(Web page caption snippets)
====================
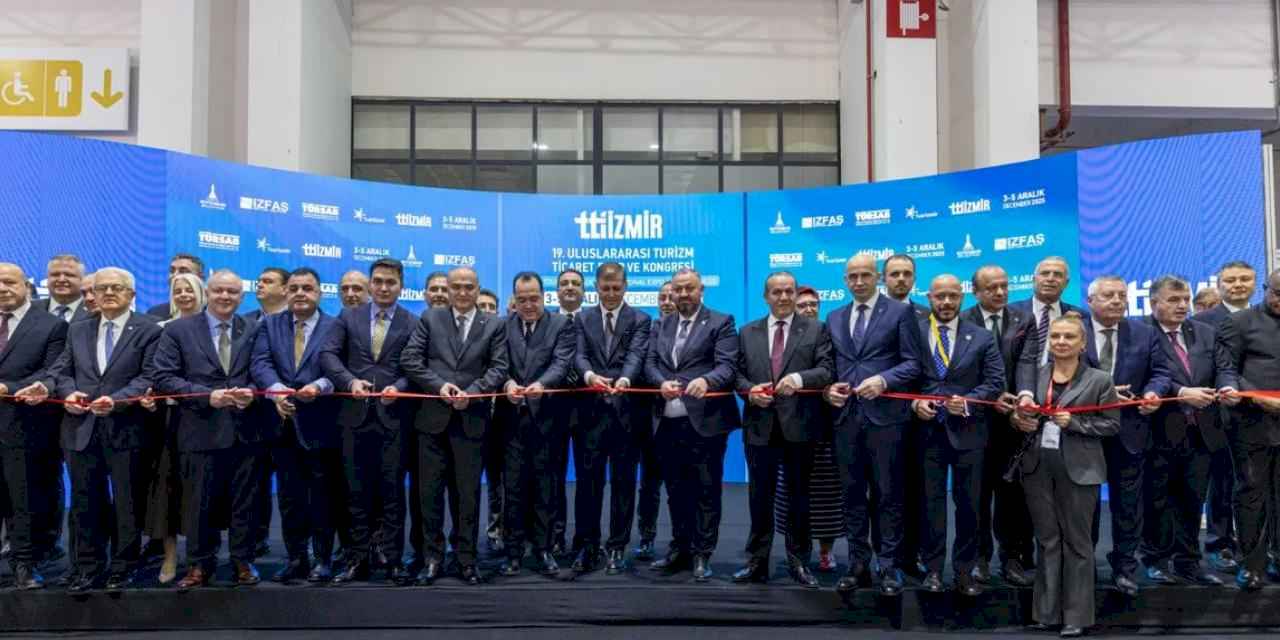 54 ülke ve 381 katılımcı İzmir'de Turizm Zirvesi'nde buluştu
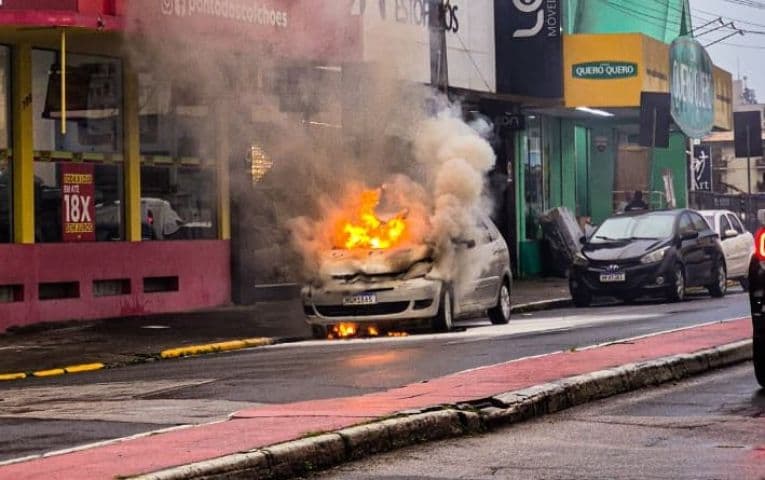 Carro é destruído por incêndio no Centro de Tubarão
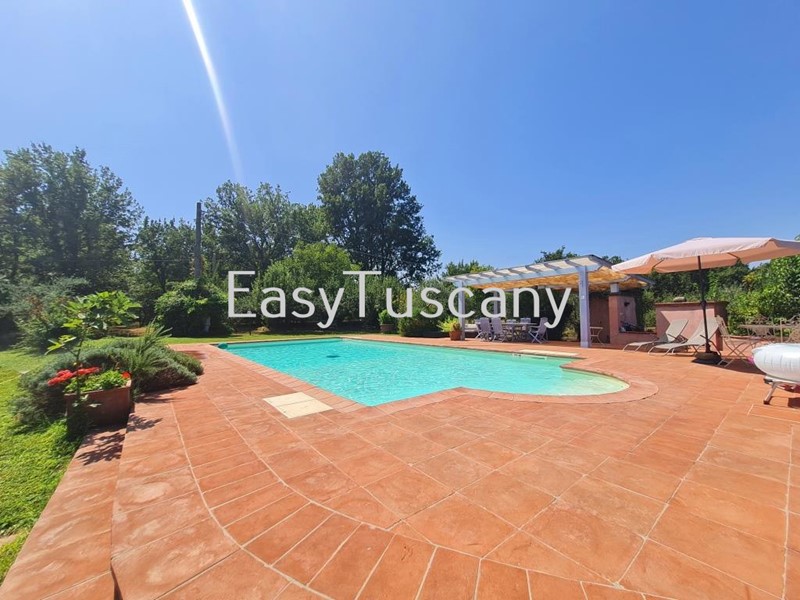 Casa Indipendente in Vendita a Altopascio, zona Spianate, 950'000€, 250 m²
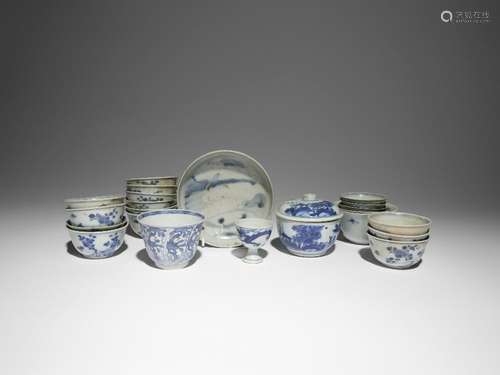 A COLLECTION OF CHINESE BLUE AND WHITE ITEMS 17TH AND 18TH C...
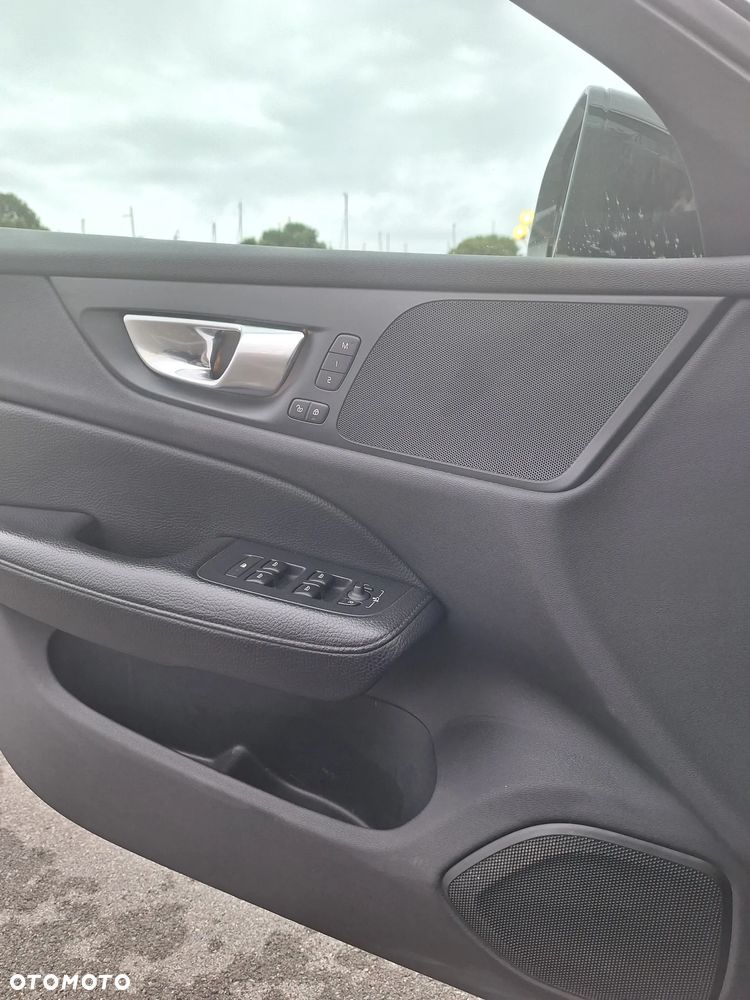 Volvo V60 T8 AWD Plug-In Hybrid Inscription - 21
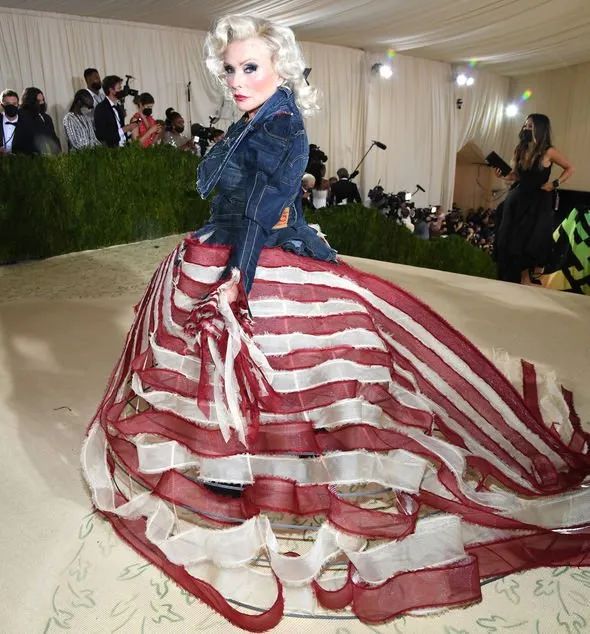 谷爱凌metgala红毯2021,红毯经典造型metgala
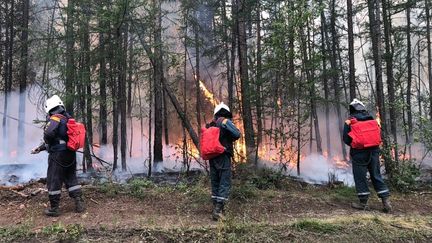 Des pompiers russes luttent contre un incendie en Sibérie, le 13 août 2021 à Yakoutsk (Russie). (RUSSIAN EMERGENCY SITUATIONS MINISTRY / AFP)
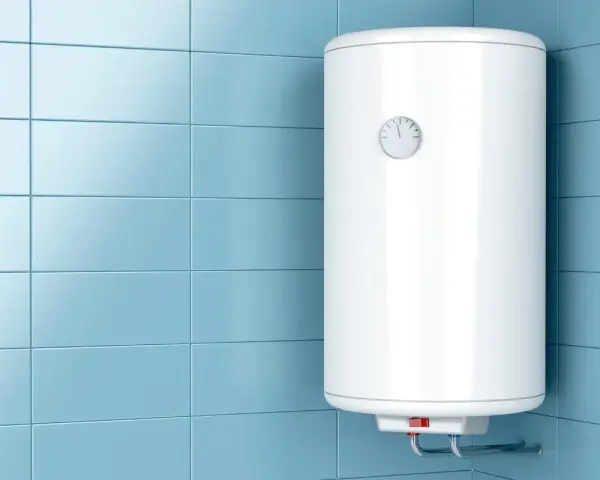 Scaldabagno bianco su parete piastrellata azzurra. Potrebbe essere necessario uno smaltimento caldaia superbonus per questo modello obsoleto.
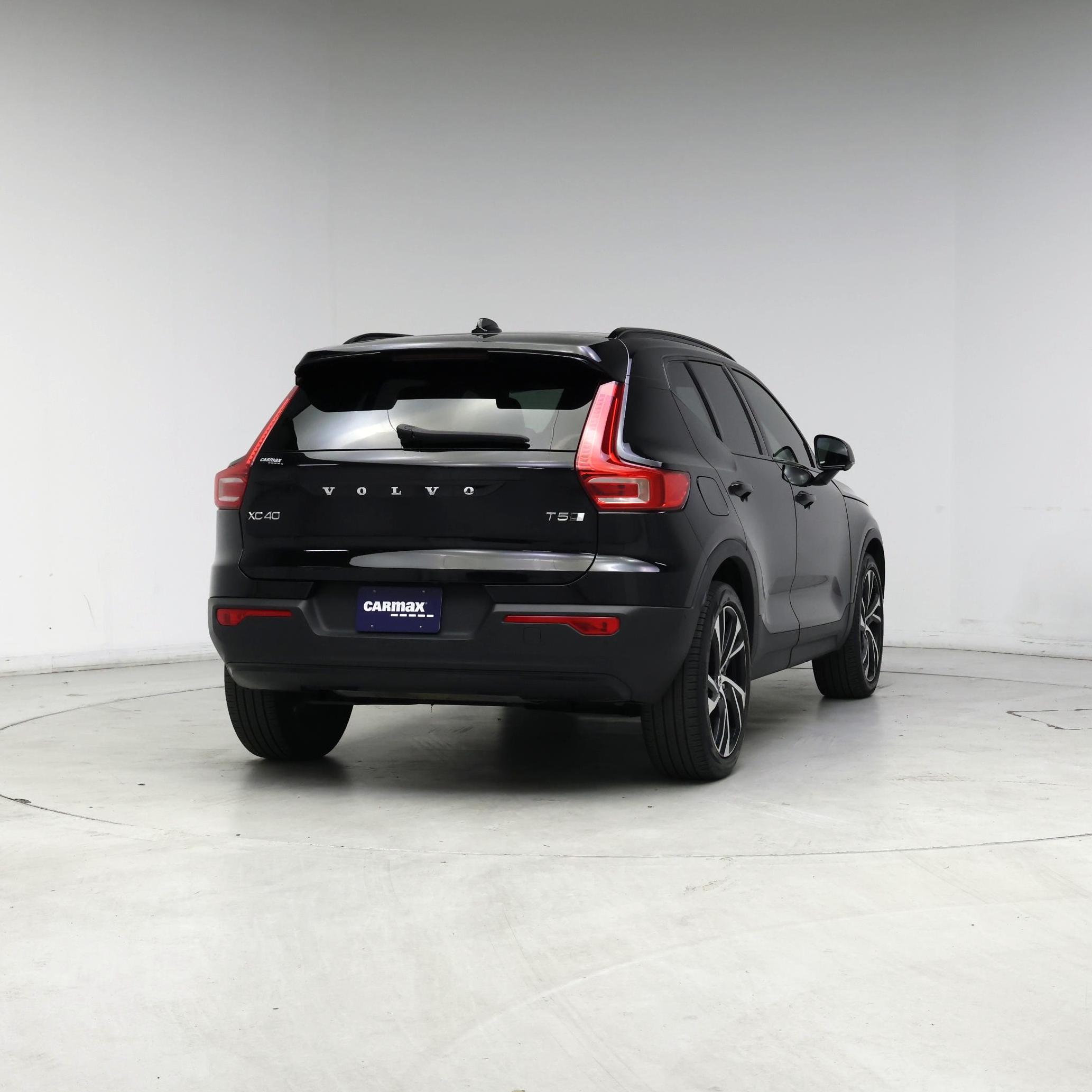 Thumbnail: 2021 Volvo XC40 - 8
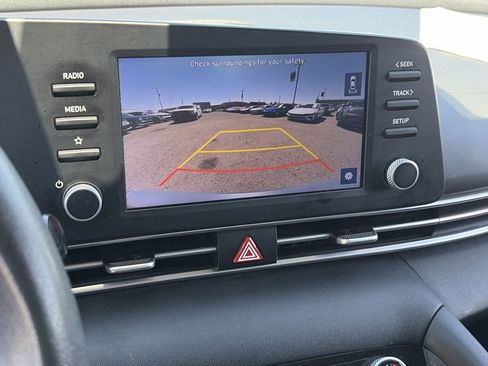 Used 2023 Hyundai Elantra SEL FWD image 25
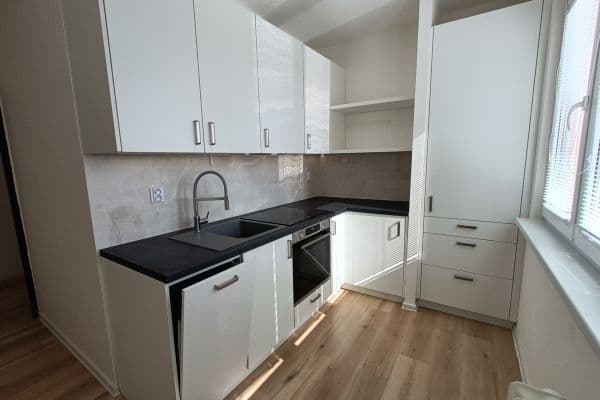 Pronájem bytu 1+1 36 m², Komenského, Odolena Voda Pronájem bytu 1+1 36 m², Komenského, Odolena Voda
====================
TASK ITEM: Your reply should consist solely of the lines above from the line containing "Carro é destruído" up to and including the line containing "Scaldabagno bianco su", reproduced exactly, minus the pictures.

RESULT:
 Carro é destruído por incêndio no Centro de Tubarão
 Casa Indipendente in Vendita a Altopascio, zona Spianate, 950'000€, 250 m²
 A COLLECTION OF CHINESE BLUE AND WHITE ITEMS 17TH AND 18TH C...
 Volvo V60 T8 AWD Plug-In Hybrid Inscription - 21
 谷爱凌metgala红毯2021,红毯经典造型metgala
 Des pompiers russes luttent contre un incendie en Sibérie, le 13 août 2021 à Yakoutsk (Russie). (RUSSIAN EMERGENCY SITUATIONS MINISTRY / AFP)
 Scaldabagno bianco su parete piastrellata azzurra. Potrebbe essere necessario uno smaltimento caldaia superbonus per questo modello obsoleto.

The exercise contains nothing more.